Each of these practices was training something that had nothing to do with the practice itself. They were training the capacity to be unfinished. To be in progress. To exist in that space between intention and execution without rushing to close the gap or pretending it isn't there.

And that capacity—the willingness to be mid-throw, mid-brushstroke, mid-mistake—might be the thing most worth practicing of all.

I notice it in myself on the days I don't touch the cards. Not the skill erosion—that's mechanical, recoverable. What atrophies is something subtler. A willingness to be clumsy. A tolerance for the gap between what my hands can do and what my mind can see. On those days, I'm slightly more brittle in meetings, slightly quicker to reach for the pre-formed answer, slightly less patient with the productive discomfort of not knowing yet.

There's a particular kind of exhaustion that comes from being competent all the time (and operating only in your comfort zone). Not the clean tiredness of effort but the bone-deep depletion of never being allowed to fumble. Of performing fluently in every room you enter. The practice—whatever it was, whatever it is—was the one place where fumbling was the point. Where your incompetence wasn't a liability but a prerequisite. Where the gap between who you are and who you're becoming was the whole curriculum.

The practice isn't about the practice. It never was.

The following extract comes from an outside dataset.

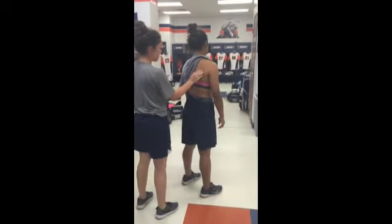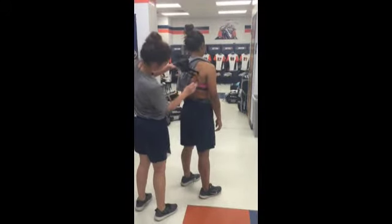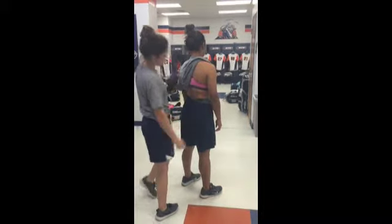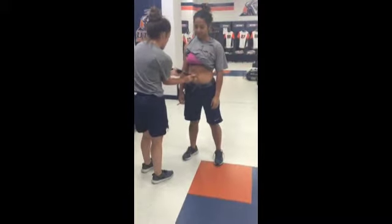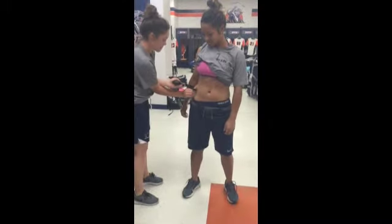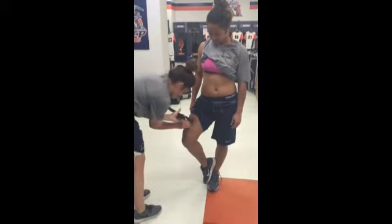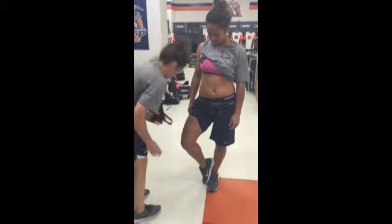This is the subscapular, which is a diagonal fold one to two centimeters below the inferior angle of the scapula. This is the abdominal skinfold, which is two centimeters to the right of the umbilicus, or belly button. This is the suprailiac, which is at the natural angle of the iliac crest. This is the thigh, which is halfway between the hip and the knee.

It's about maintaining access to the part of yourself that can sit with incompleteness without calling it failure. The part that knows how to be bad at something without it becoming an identity crisis. The part that the professional world—with its competency frameworks and performance reviews and carefully curated LinkedIn profiles—has no vocabulary for, and therefore no room.

I think about all the people I've worked with over the years who seem to carry a particular kind of tiredness that has nothing to do with workload. It sits behind their eyes like a question they stopped asking. And I wonder how many of them have something gathering dust in an attic—an instrument, a sketchbook, a pair of shoes meant for dancing—and how many of them think the tiredness would be solved by a vacation when what it actually needs is a different kind of attention entirely.

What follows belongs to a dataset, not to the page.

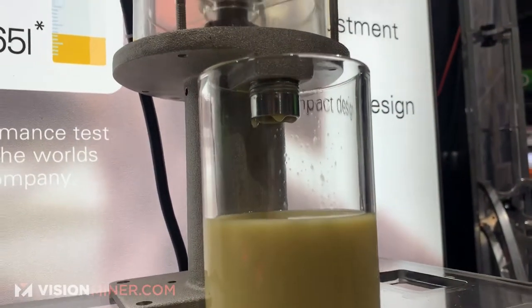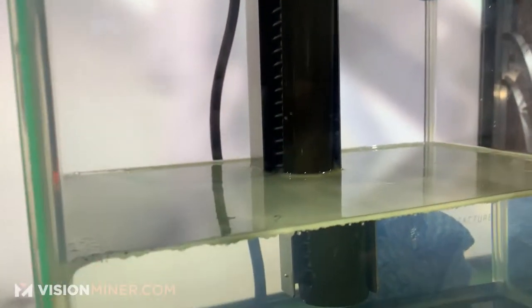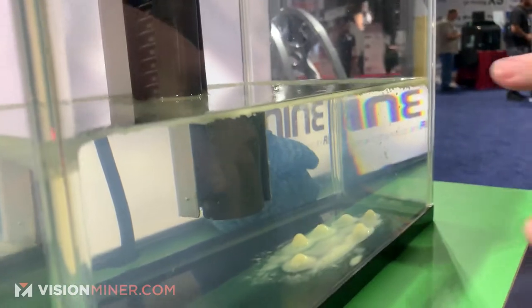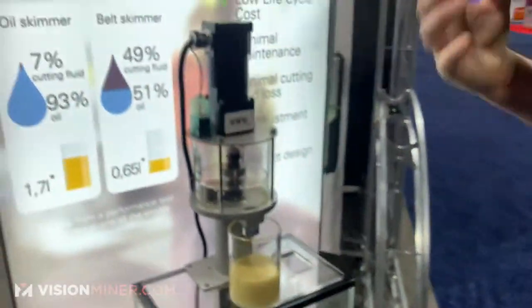What this system does here is it removes up to 93% of the tramp oil and leaves you with the good fluid that you can recycle through. This also saves you on disposal — normally you've got a lot more stuff sitting in there that you're throwing away during disposal, which is costing you thousands of dollars.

Not rest. Practice. The kind that doesn't produce anything. The kind that produces you.

Anya's one-on-one has been over for twenty minutes now. We've wandered far from sprint velocity and stakeholder alignment into territory neither of us mapped in the agenda. She's telling me about the specific blue she used to mix—cerulean and something else, she can't remember now, but her hands move as she describes it, fingers remembering a motion her mind has officially forgotten.

"My daughter asked me to paint with her last weekend," she says. "For the school project."

"And?"

A pause. That particular quality of silence that happens when someone is deciding whether to tell you the real thing or the comfortable thing.

"I almost said no. I almost said I'd help her with the research part instead." She looks at her hands. "Isn't that strange? I almost avoided the thing I used to love because—I don't know. Because I didn't want to find out I'd lost it, maybe."

Or maybe because finding it again would mean admitting she'd been gone.

I don't say that. Some truths need to arrive on their own schedule. Instead, I ask the only question that matters:

"Did you paint?"

She smiles. The real kind.

"Terribly," she says. "I painted terribly."

The afternoon light is settling into that amber register where everything looks both sharper and more forgiving. Somewhere in a closet, a guitar case is growing dust. In an attic, a sketchbook is curling at the edges. In a drawer, a deck of cards waits with the patience that only objects have—patient, like stones, holding their shape through years of being ignored.

They don't mind. They'll be there. The question is whether you will.